20 July 2015 / William Anderson / On the Beat

About the Post-Maximalists

They love the Minimalists & the Post-Minimalists.
But they love doing stuff. The 20th C. is the Burgess Shale of compositional techniques.

from Wikipedia on “Burgess Shale”

“Stephen Jay Gould’s book Wonderful Life, published in 1989, brought the Burgess Shale fossils to the public’s attention. Gould suggests that the extraordinary diversity of the fossils indicates that life forms at the time were much more disparate in body form than those that survive today, and that many of the unique lineages were evolutionary experiments that became extinct. Gould’s interpretation of the diversity of Cambrian fauna relied heavily on Simon Conway Morris’ reinterpretation of Charles Walcott’s original publications. However, Conway Morris strongly disagreed with Gould’s conclusions, arguing that almost all the Cambrian fauna could be classified into modern day phyla.[6]”

I don’t mean to be scientistic, but the 20th C. saw all kinds of musical “body forms”. Yet, these musical possibilities are not extinct. They are just not sexy at the moment because the people who discovered them were too proud and felt that the ideas were more important than the realization. We now know that the quality of the realization is everything.

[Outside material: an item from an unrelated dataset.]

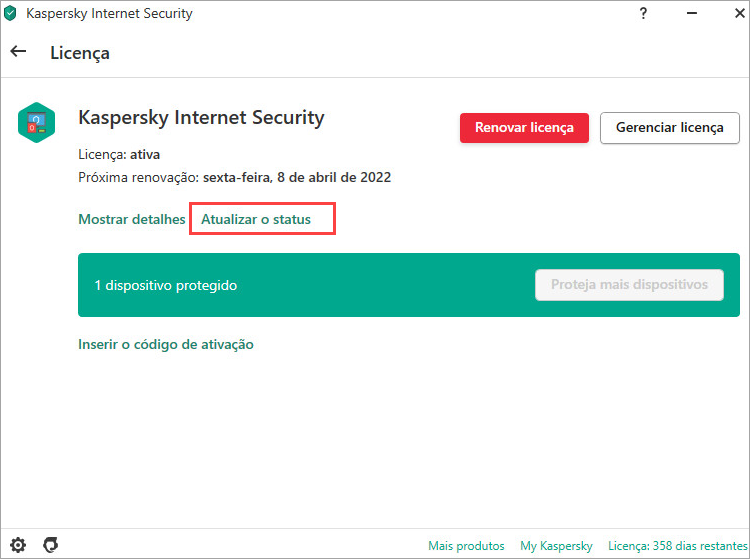 Atualizar o status da licença em um aplicativo da Kaspersky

There are bad maximalist works and bad minimalist works.

The Post-Maximalists are *humble maximalists*. They are loving schmoos, eager to please.

De-coupling

The Post-Maximalists understand that a technique can be de-coupled from a tired sound.
Post-maximalists are syncretists, finding ways to reconcile sounds that were once thought to be incompatible, incapable of manifesting convincingly in one coherent work.